For those who don’t know me, interestingly enough, I’m known as an anime girl on Twitter. I also missed my college graduation ceremony to come here, which made my parents very unhappy. Currently, I’m the founder of Argus Labs. We consider ourselves a gaming company, not an infrastructure or cryptocurrency company. One of my biggest frustrations is that everyone in the crypto gaming space wants to build tools, but no one wants to create content or applications. We need more applications that users can actually use.
Previously, my clever friends Brian Gu (@gubsheep) and Alan Luo (@alanluo_0) and I created Dark Forest (@darkforest_eth). Brian is now running 0xBlockingRC (@0xBlockingRC), he’s a lot smarter than me.
Today’s discussion will focus on execution sharding, but in a context where most people are not familiar with execution sharding. We usually discuss execution sharding in the context of Layer1, such as Ethereum sharding or Near sharding. But today, I want to change the context. Let’s think about what sharding would look like in a roll-up environment.
The basic question here is, why would a gaming company want to build its own roll-up, and what can we learn from World of Warcraft to design roll-ups? Additionally, we will explore how the design space of roll-ups far exceeds current reality.

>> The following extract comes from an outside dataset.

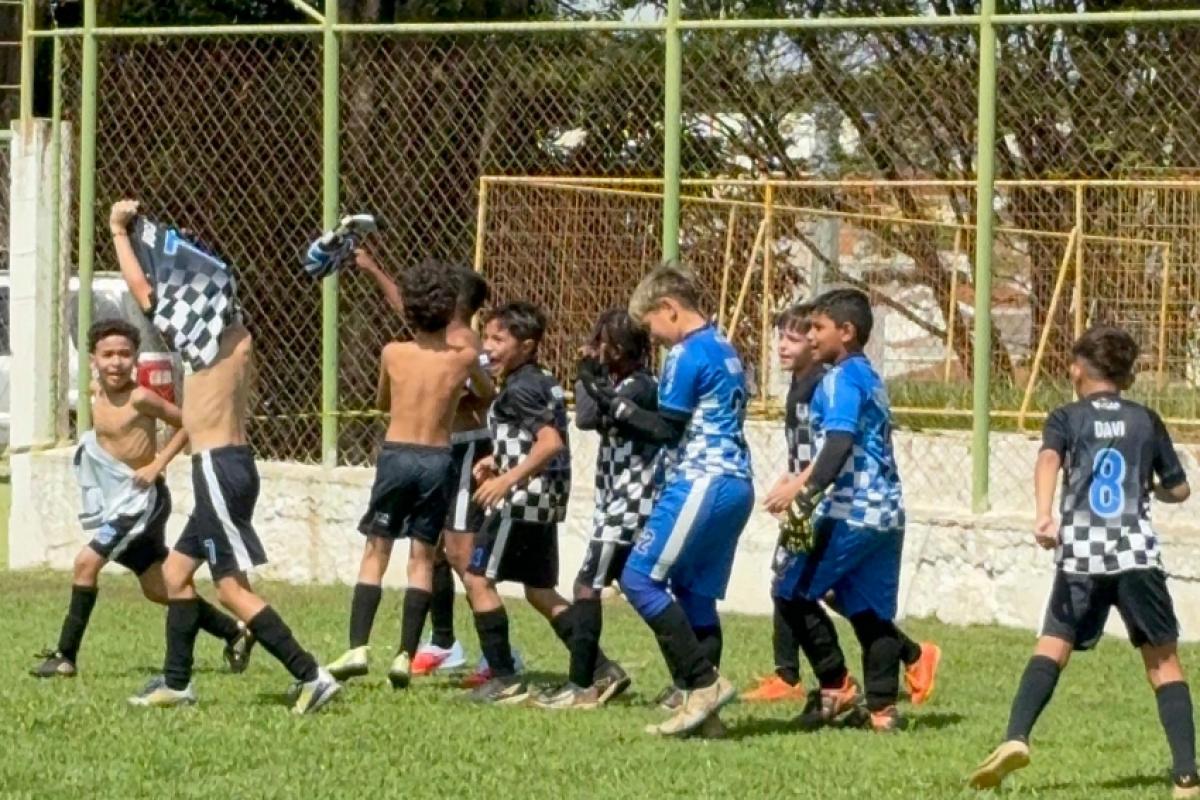 Equipe do Internacional comemorando a vitória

To answer these questions, let’s go back to 2020 when the idea for Dark Forest was first conceived. We asked ourselves, what if we created a game where every game action is an on-chain transaction? At the time, this premise was absurd, and it still is for many people today. But it was an interesting hypothesis, so we built it, and Dark Forest was born.
Dark Forest is a completely Ethereum-based MMORTS game that is powered by ZK-Snarks. Back in 2020, ZK was not as popular as it is today because there were hardly any documents available. The only available documentation for Circom was Jordi Baylina’s (@jbaylina) Google Docs. Despite the challenges, we learned a lot from the process, and Dark Forest is a testament to that learning.
Dark Forest is a bigger experiment than we imagined. We have over 10,000 players who have spent trillions of gas, and the game is filled with chaos, with people stabbing each other in the back on the chain. What’s most attractive about Dark Forest and on-chain games is their platform nature. By having a full-chain game, you open the door to designing new behaviors, allowing people to build smart contracts that interact with the game, as well as alternative clients and game modes, such as Dark Forest Arena and GPU miners.
However, with great power comes great responsibility. When we launched Dark Forest on what is now known as the Gnosis Chain on xDai, we eventually filled the entire block space of the chain. This made the chain basically unusable for anything else, including DeFi, NFTs, or anything else on xDAI.
So now what? Are we at a dead end? Will full-chain games never become a reality? Or do we go back to making games with only small JPEG images on the chain and convince people that money grows on trees? The answer is, we make the software do the job. Many of us have a very rigid view of blockchains and roll-ups, as if there is not much room for improvement. But I disagree. We can experiment and find new possibilities.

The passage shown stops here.